RECORDS FOR THE TASK:
..........

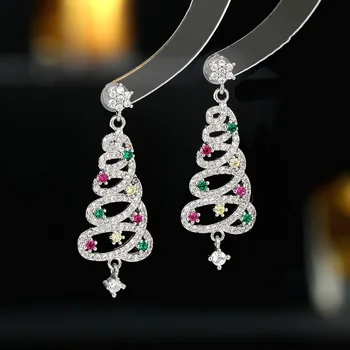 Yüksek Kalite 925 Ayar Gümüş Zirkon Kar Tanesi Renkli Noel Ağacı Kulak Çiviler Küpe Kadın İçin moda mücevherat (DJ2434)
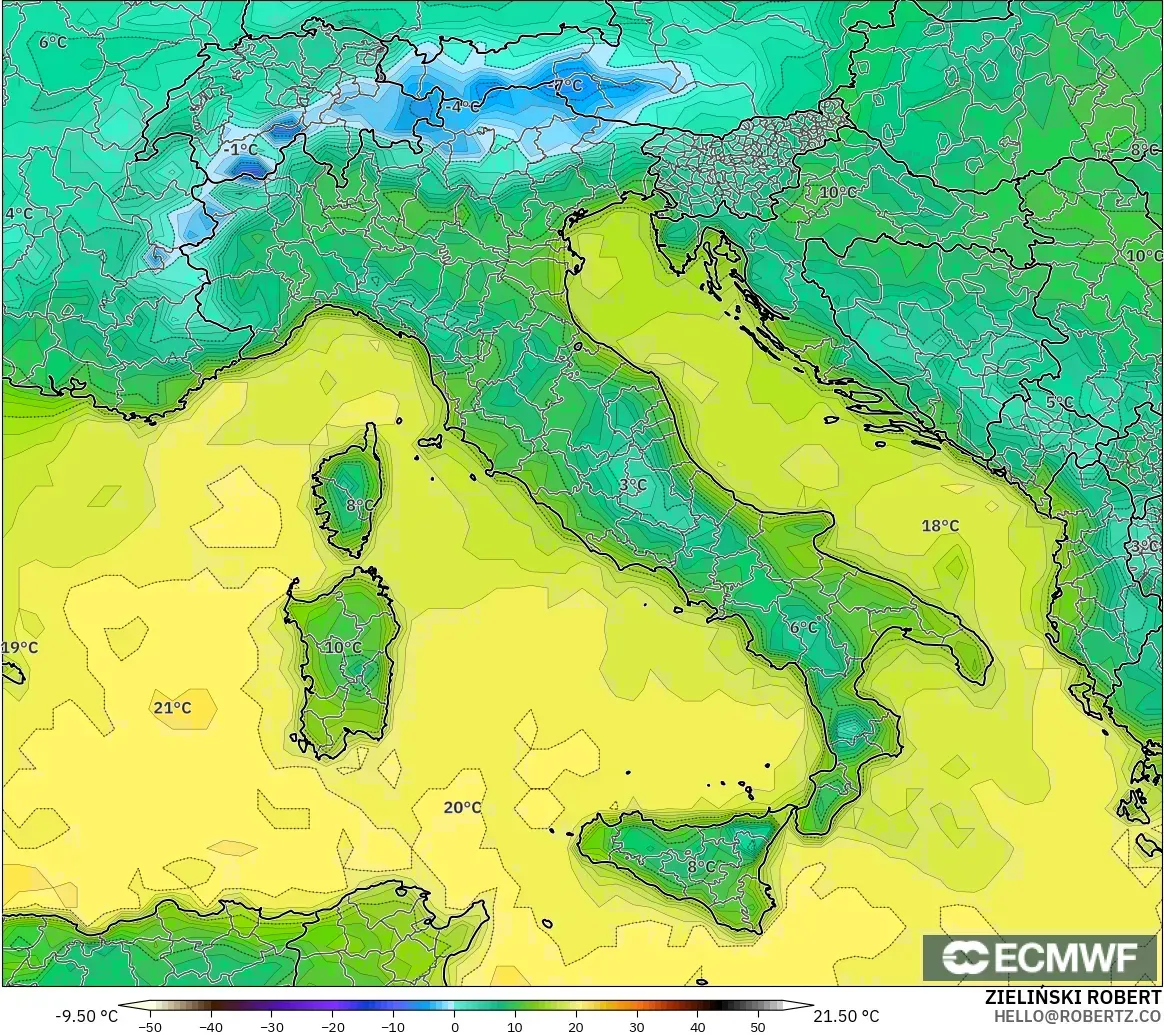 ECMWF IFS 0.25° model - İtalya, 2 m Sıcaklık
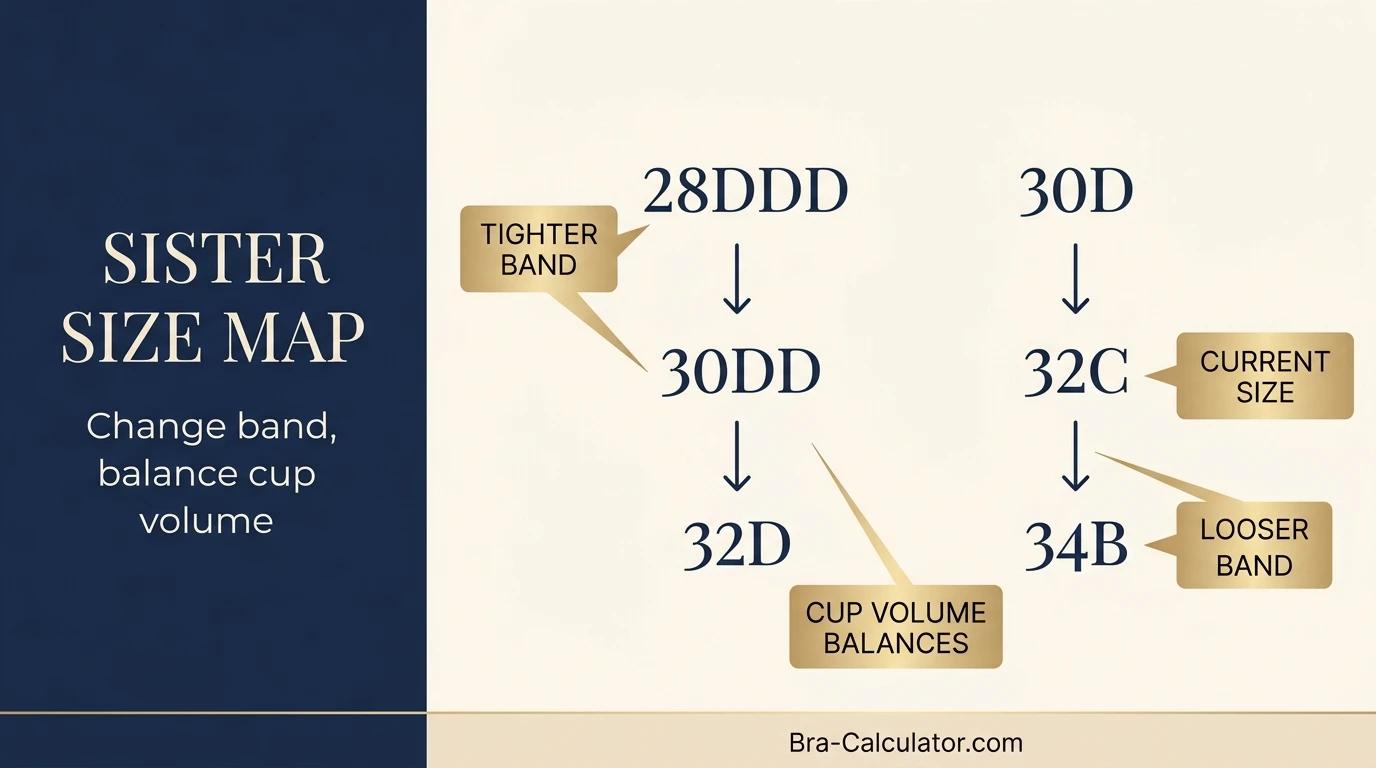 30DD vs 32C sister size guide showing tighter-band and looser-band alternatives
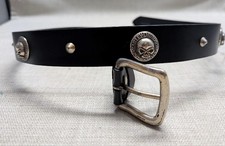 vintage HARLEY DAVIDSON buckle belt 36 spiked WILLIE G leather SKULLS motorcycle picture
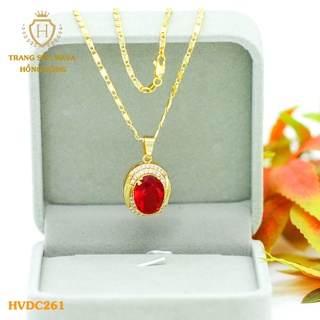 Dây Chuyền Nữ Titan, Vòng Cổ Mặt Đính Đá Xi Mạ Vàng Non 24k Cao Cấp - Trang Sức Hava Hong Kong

..........

WHAT TO DO:
Leave out the pictures and repeat exactly the lines from the first line of the data through the line containing "30DD vs 32C". Add nothing else.

EXERCISE ANSWER:
 Yüksek Kalite 925 Ayar Gümüş Zirkon Kar Tanesi Renkli Noel Ağacı Kulak Çiviler Küpe Kadın İçin moda mücevherat (DJ2434)
 ECMWF IFS 0.25° model - İtalya, 2 m Sıcaklık
 30DD vs 32C sister size guide showing tighter-band and looser-band alternatives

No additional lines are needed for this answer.